As mentioned, the results were fairly consistent.  There was a steep upward curve for a few visits, followed by a more modest uptick.  So, here’s what we found…

In most cases, we can see the typical curve. In the cases where we have a more consistent line (yellow and blue), that’s rewards program data for members.  In the case of the yellow line, some of those customers actually paid for the membership, so we expect them to have a higher initial retention rate.

Typically, we see a range of 25%-45% of trial customers returning for a second visit.  So that points to a real opportunity.  Looking at the other end of the chart, we see a tighter range of 80%-90% of 10x visitors returning.  So, there is definitely some love in that room!

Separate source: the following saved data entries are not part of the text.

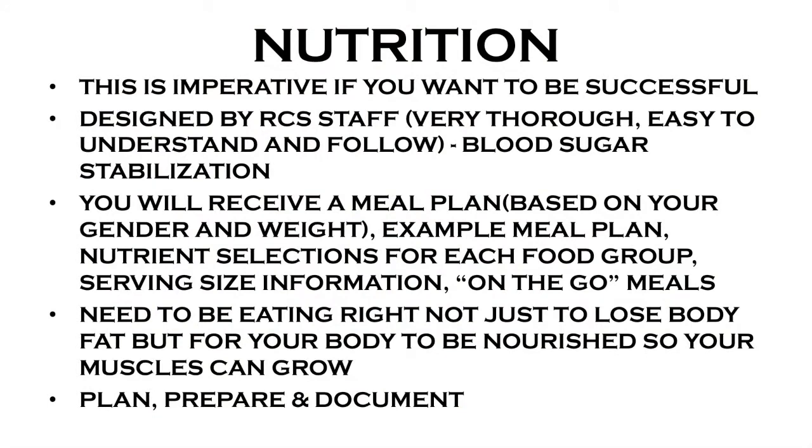When you join, you're going to receive a meal plan based on your gender and your weight. It's very dialed out — there's no confusion. You're going to have five meals a day, broken down exactly how much protein, carbs — mostly fruits and vegetables, a little bit of starches — and healthy fat you're going to have at every meal. You'll be able to plug in what you want and what you like, but you're going to know exactly what to eat and when to eat it.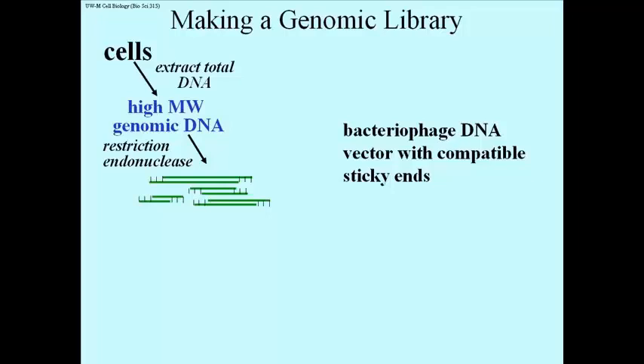The bacteriophage DNA will be the vector — the carrier — that's going to take the recombinant insert genomic DNA into cells where it will multiply. A common terminology for cloning is the vector: the phage or the plasmid, which is going to carry a recombinant insert that you're actually going to study. So we mix these two together,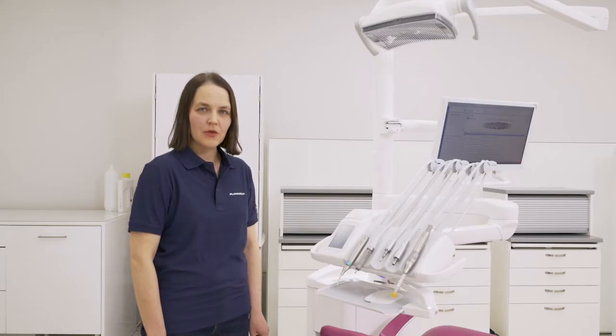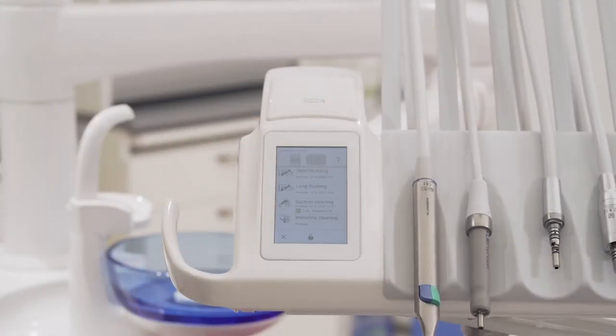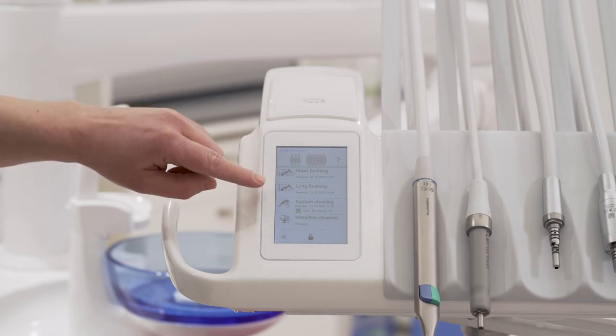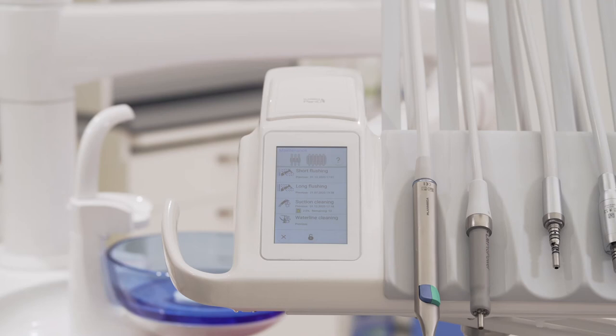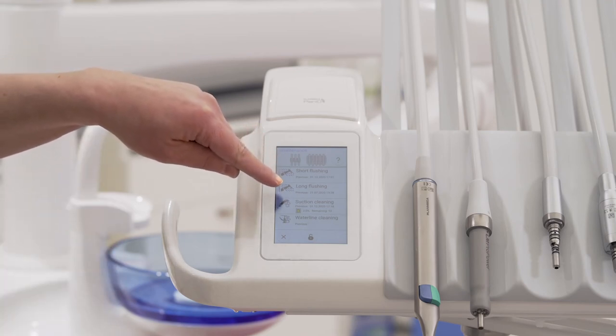The maintenance menu includes instrument flushing programs: short flushing between patients, and long flushing at the beginning and end of the working day. You can also see the timestamps of previous flushing programs.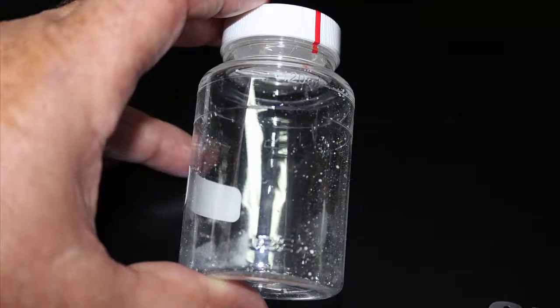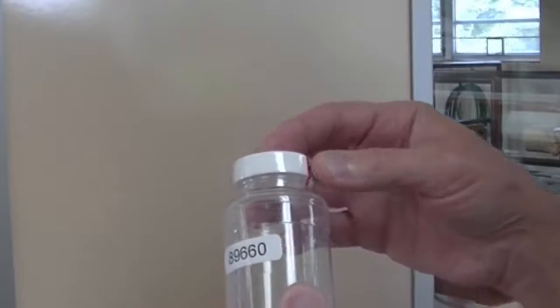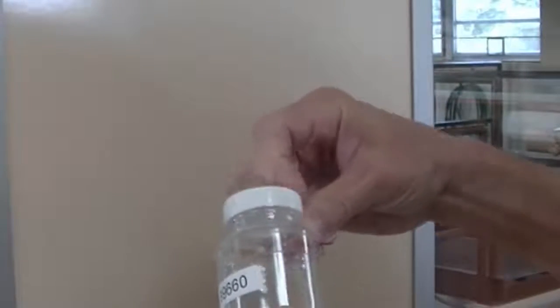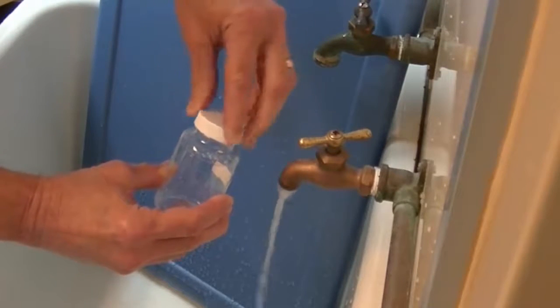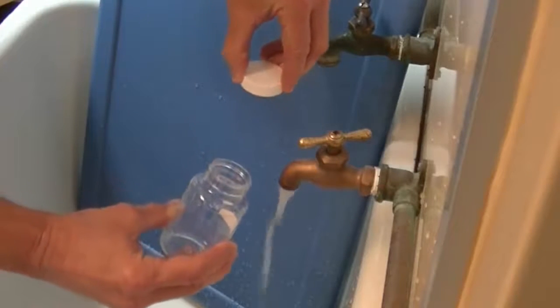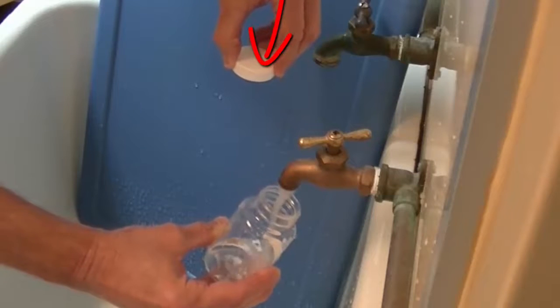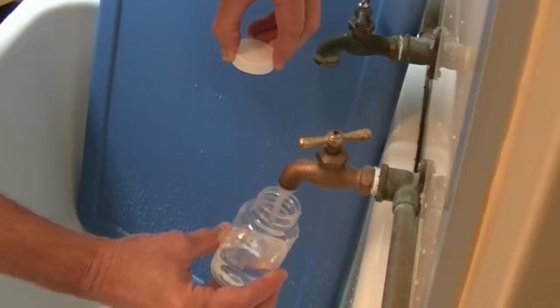Use a sealed BACT sample bottle which you receive from the State Department of Health. Bottles include a chemical for neutralizing chlorine, so do not rinse the bottle before collecting your sample. Carefully break the sample bottle seal by pulling down the red tab to remove the shrink wrap. Unscrew the cap and hold it away from the flowing water, facing the same direction as it was when on the bottle, threads facing downward, so that dust does not collect in the cap which could introduce coliform bacteria to your bottle.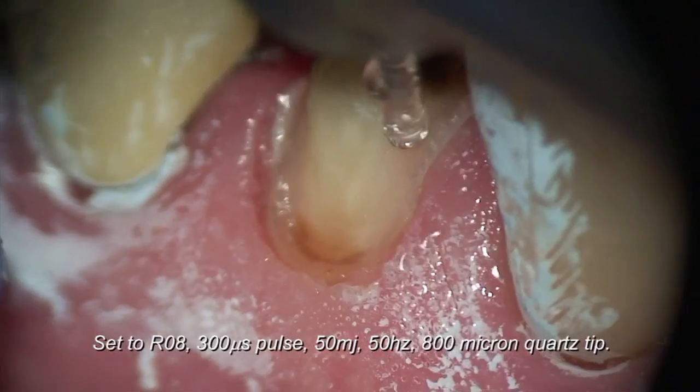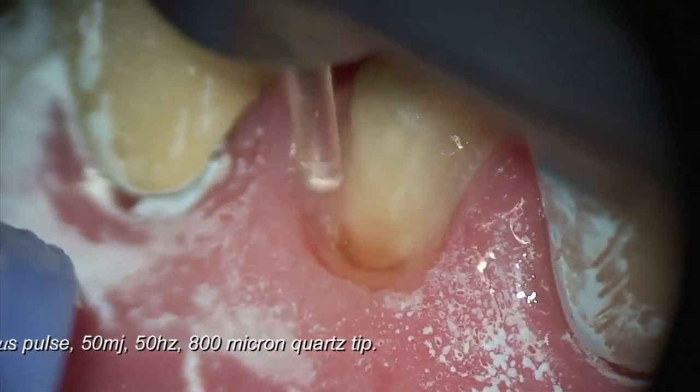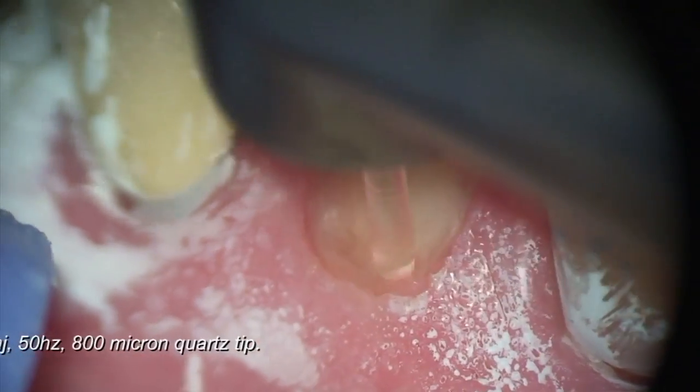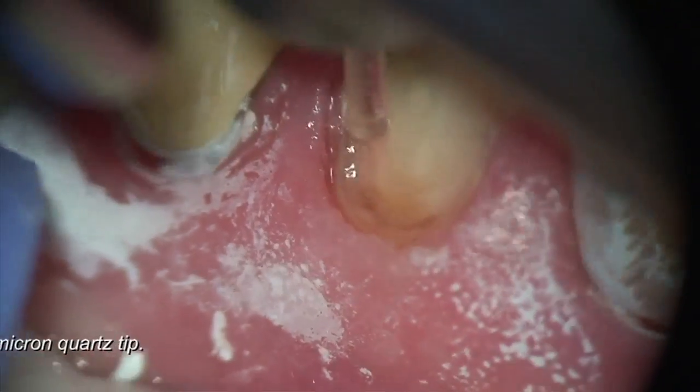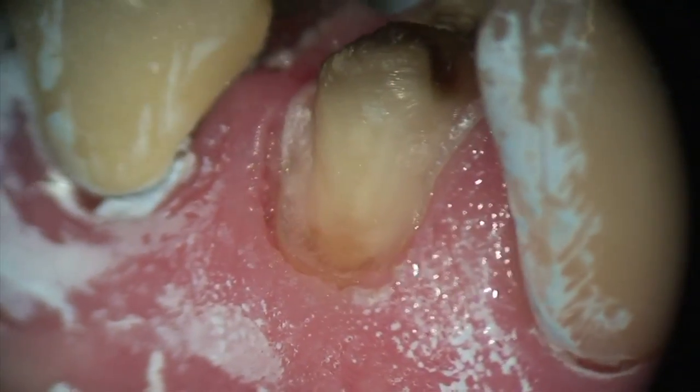Setting the laser at a very high hertz or repetition rate, I'm able to smooth the margin very easily and very efficiently, without having to take and put a handpiece in. Patients like the fact that I use the laser instead of the drill in this case. It's very simple, and we teach you how to do this in training.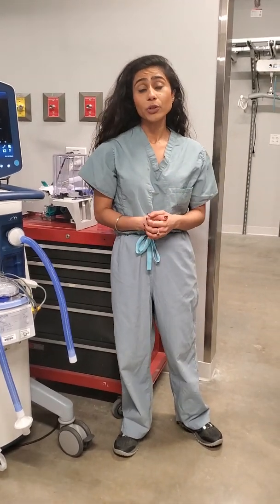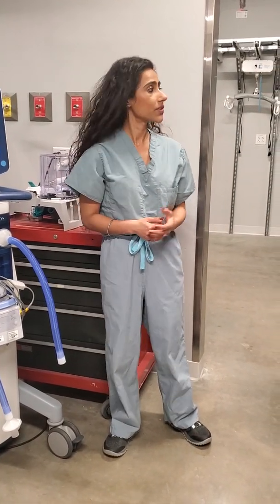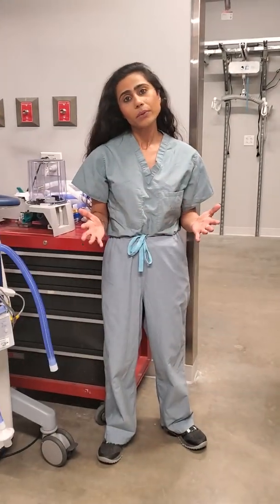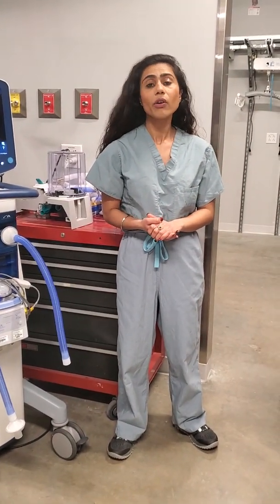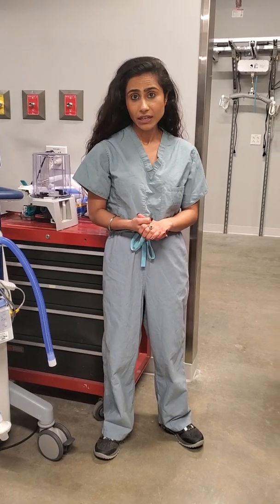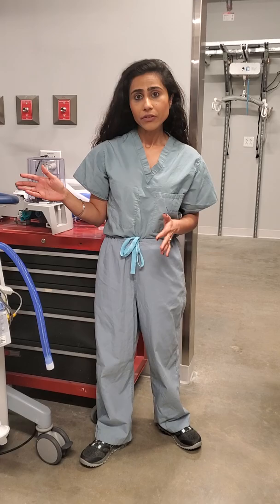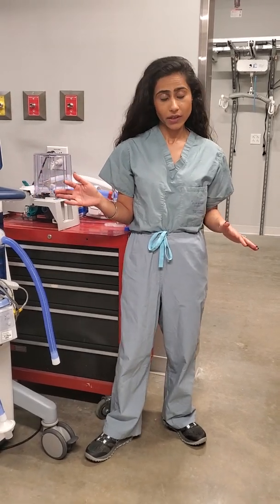Hello everyone, I'm Simba Coramada. I'm an intensivist. This is Kelly, she's our respiratory therapist. While we're grappling with the COVID pandemic and worried about running short on ventilators, I would like to demonstrate how we can split one ventilator between two patients.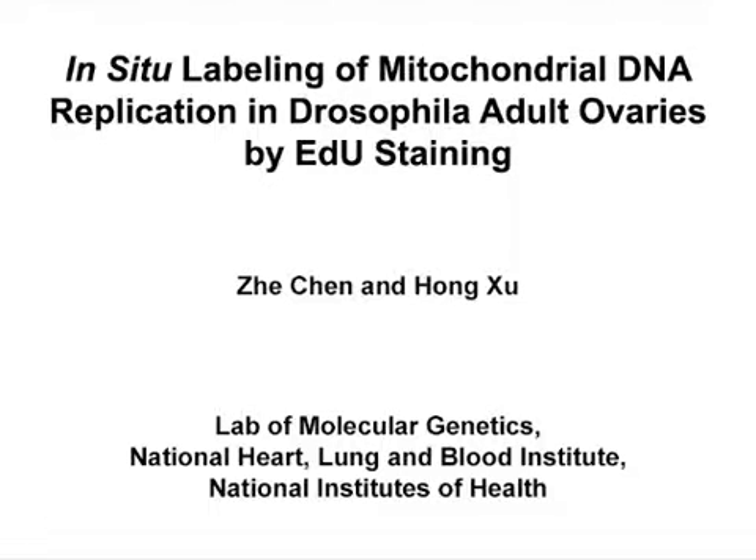The overall goal of this experiment is to label mitochondrial DNA replication in Drosophila adult ovaries by EDU staining. This method can help answer key questions in the mitochondrial field, such as the process of mitochondrial biogenesis and mitochondrial DNA inheritance during development. The main advantage of this technique is that it allows for good structural preservation and efficient fluorescent dye penetration of whole mount tissues.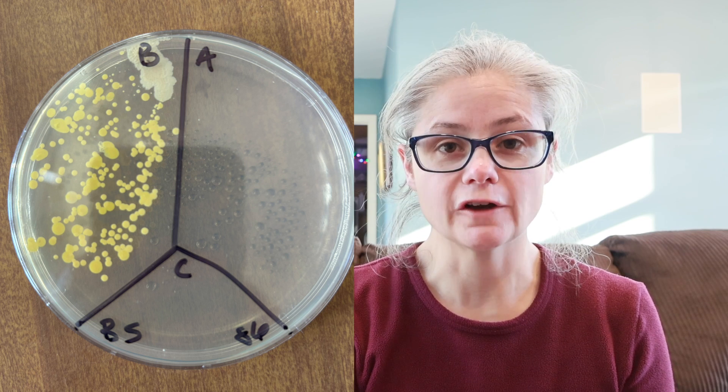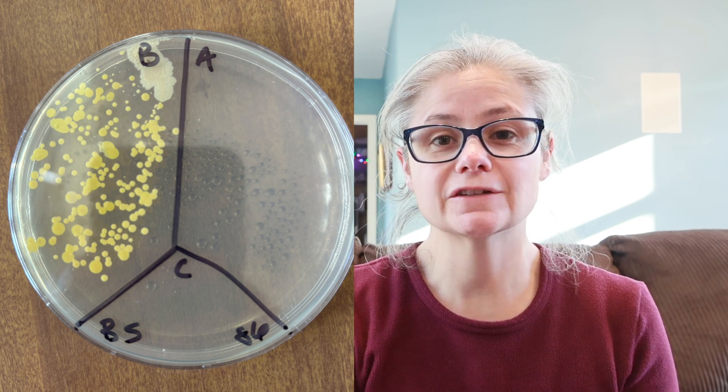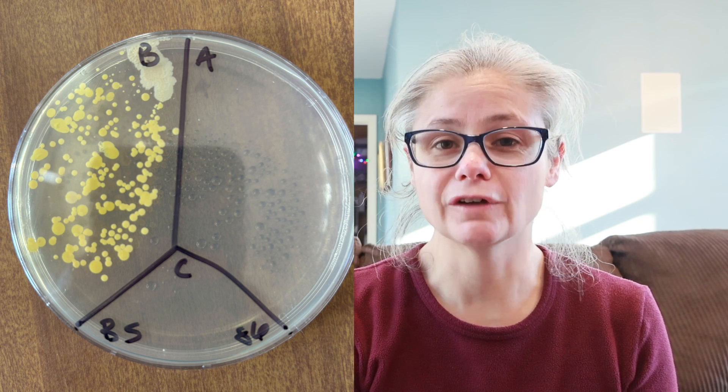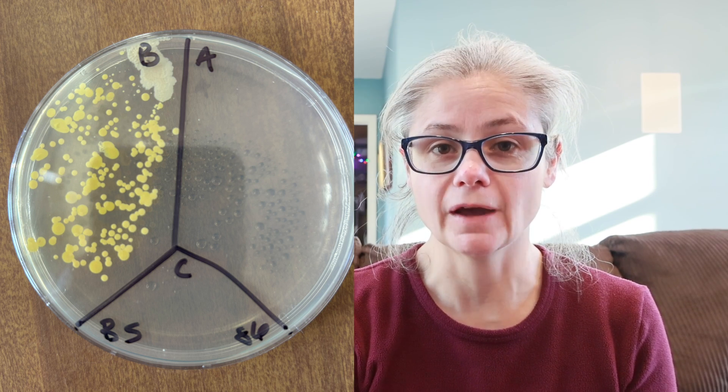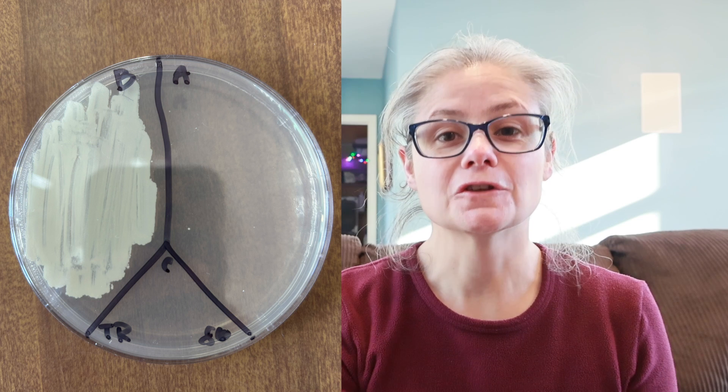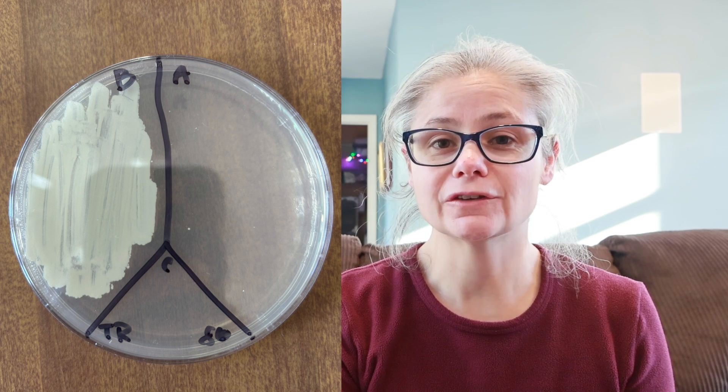The bathroom sink. In the before section, we can see a lot of bacteria. In the after section, there's no bacterial growth at all. So Mr. Clean Clean Freak did a great job of removing the bacteria from my bathroom sink. The toilet rim - in the before section, we have a tremendous amount of bacteria. And in the after section, there are just like three teeny tiny bacterial colonies. So Mr. Clean Clean Freak did an excellent job of removing the bacteria from my toilet rim.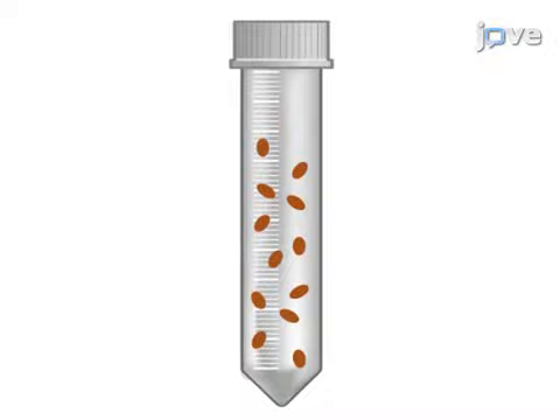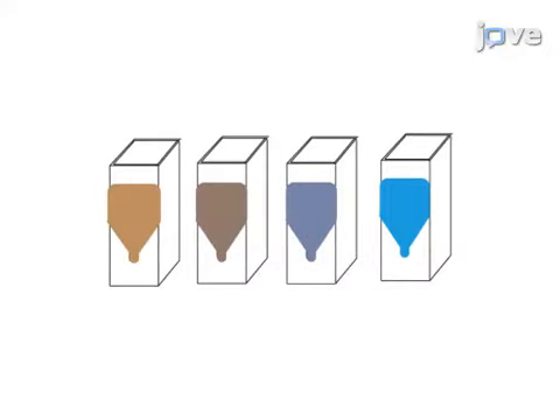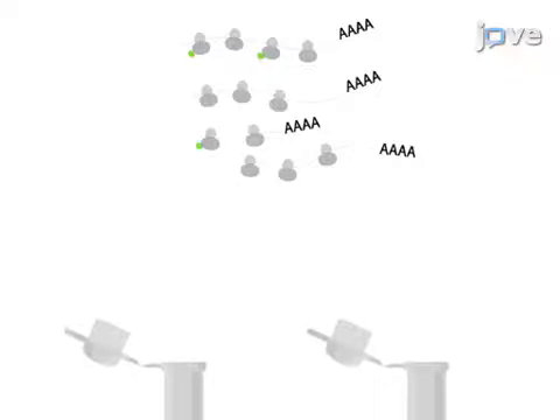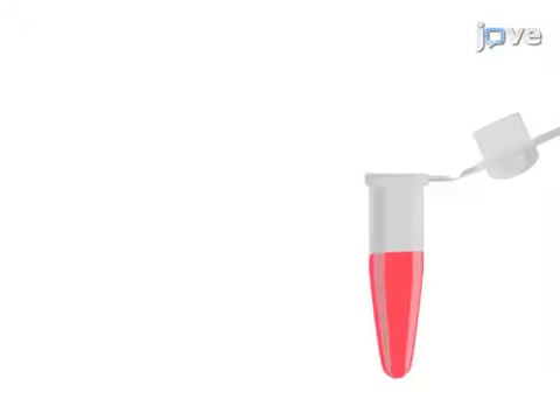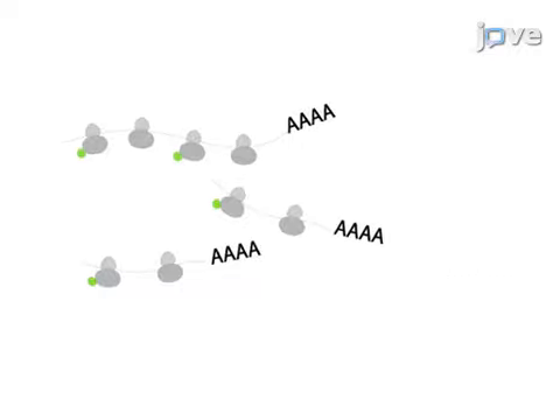The second step is to generate a lysate to obtain a polysome preparation containing a mixture of tagged and untagged ribosomes. Next, the protein concentration in the lysate is estimated and affinity purification is performed with beads coupled to GFP antibodies to capture ribosome RNA complexes from the cell type of interest. The final step is dedicated to trizol RNA extraction and purification.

To make it easier, we then averaged out the ten lines.  Here are the results…

We can clearly see the steep incline until we get to the 4x buyers, after which the line continues to move up, but at a slower pace.  The average 1x retention rate shows about 42%, which in reality is on the high end due to some high loyalty entries.  Remember, most of this is data from loyalty marketing programs, so there is a self-selection bias at play.

A 50% retention rate happens after the second visit.  And after 4 visits, the line starts to flatten out.  On average, 75% of your 4x buyers will return.  At 6 visits we cross the 80% threshold.

So…where does loyalty begin?  If we define loyalty (in transactional terms only – not any emotional factors) as 75% of your customers being retained, the answer is 4 purchases.  If we are a bit stricter, the answer is 6 purchases.

Remember, this was a fairly simple analysis patched together with whatever qualified data was readily available.  But we thought the results were interesting, show a consistent pattern, and seem to validate “gut feelings” about retention and loyalty.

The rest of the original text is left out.